Putin plays the nationalist card, courts the church – of whatever denomination – in an attempt to maintain his power. After Khrushchev, Brezhnev, Andropov, Gobshite, and the Vodka Soaked Drunk Yeltsin, Putin is just a greedy opportunist who prays on civil society. After this bunch of cretins how can anyone, with a modicum of sense, criticise Uncle Joe’s policy of purging the Party of opportunist elements?
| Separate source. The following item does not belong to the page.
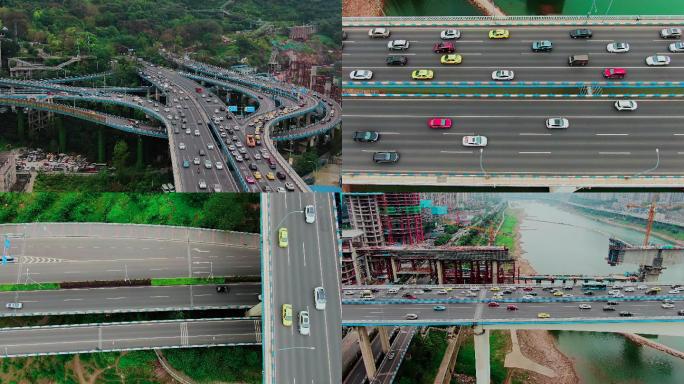 重庆航拍嘉华大桥及修建轨道桥4k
So no real celebration of the most important event in the history of the world in the place where it occurred.

That’s good.

Leningrad (it will always have that name to me), the cradle of the revolution, has been renamed St Petersburg (the Germanic name that was used before the First World War, and not even the Russified version of Petrograd) was where it all started 100 years ago. If there’s any ‘official’ attempt to recognise the event this is manifested in museum gallery exhibitions that seek to denigrate the success of the Bolsheviks rather than celebrate it.

Re-writing of history is the name of the game.

Denigration of the Socialist past is almost at a fascist level. Having had to suffer the ‘impartiality’ of the British media for so long, it’s quite refreshing to see a total ideological war against the past.

The Russian state has not decided to ignore the past – that would be impossible even in the present circumstances – rather they have chosen to re-interpret it.

Exhibitions in both Moscow and Leningrad at the end of 2017 that relate to the events of 1917 are a propaganda attempt to undermine the Revolution. In an effort to denigrate the importance of both Lenin and Stalin (as well as other truly revolutionary leaders) they promote Trotsky – if anyone was unsure of his counter-revolutionary nature the adoption of him as a ‘revolutionary icon’ by Putin’s state should clarify matters. (There was even an advert on Russian TV about a mini series around Trotsky’s life. He was considered a capitalist agent in the times of Socialism and he is becoming a ‘revolutionary’ icon by those who have been restoring total capitalist control of the country.)

For some reason, which I don’t really understand, Voroshilov has been added to the ‘devils’ of the past alongside JV Stalin. There’s obviously an agenda there but I’m not sure what. As with the so-called ‘rehabilitation’ of the traitors and foreign agents of the 1930s those who have been chosen by the present, capitalist regime are chosen for a reason – they are symbols of their aspirations.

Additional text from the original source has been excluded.